Kobanê through the lens of a woman journalist
13:18
Bêrîtan Elyakut/JINHA
KOBANÊ – Hawar News Agency reporter Nazdar Abdi, who worked in Kobanê, throughout the war, spoke about her commitment to reporting on the resistance in the city no matter the cost. “The education I’ve gotten here is ten times more valuable than any university,” said Nazdar of her experience as a reporter.
Nazdar had just started working as a journalist when the attacks started. She got her first taste of the profession as a war reporter.
“When the attacks escalated, people were starting to be forced to leave the city. At the time, I had to choose between going and staying—fast. Of course, no one blamed those who left; it was a hard day. But at that moment, I noticed a YPJ woman resisting Daesh’s heavy armaments with just a Kalashnikov. That was the moment I decided to stay,” said Nazdar.
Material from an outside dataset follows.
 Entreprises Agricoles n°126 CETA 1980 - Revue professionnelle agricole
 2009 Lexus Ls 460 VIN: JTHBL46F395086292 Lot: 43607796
She says the image of the fleeing city residents turning back to look at their home for the last time will always remain in her mind’s eye.
Nazdar said one of the most important battles she reported on was the Serzorê resistance, where 12 YPG and YPJ fighters resisted Daesh gangs. The 12 fighters, hearing over the wireless that they were surrounded by Daesh gang members on all sides, criticized their comrades on the other end of the radio, saying “there’s much more we must do fort his people” before they went to their death.
“No one who knows the story of this epic can leave this place easily,” said Nazdar.
In addition to the difficulty of being an inexperienced reporter, Nazdar said technical difficulties made the work even harder. The reporters would struggle to get the generator working all night trying to send photographs and updates from the front. The reporters also had no permanent place to stay in the city, which quickly became a total war zone.
“Those kinds of conditions force you to look for alternatives,” Nazdar said. She noted that “anyone who wants to fully understand what it means to be journalist” should work as a war reporter. “It forces you to be twice as curious,” she said.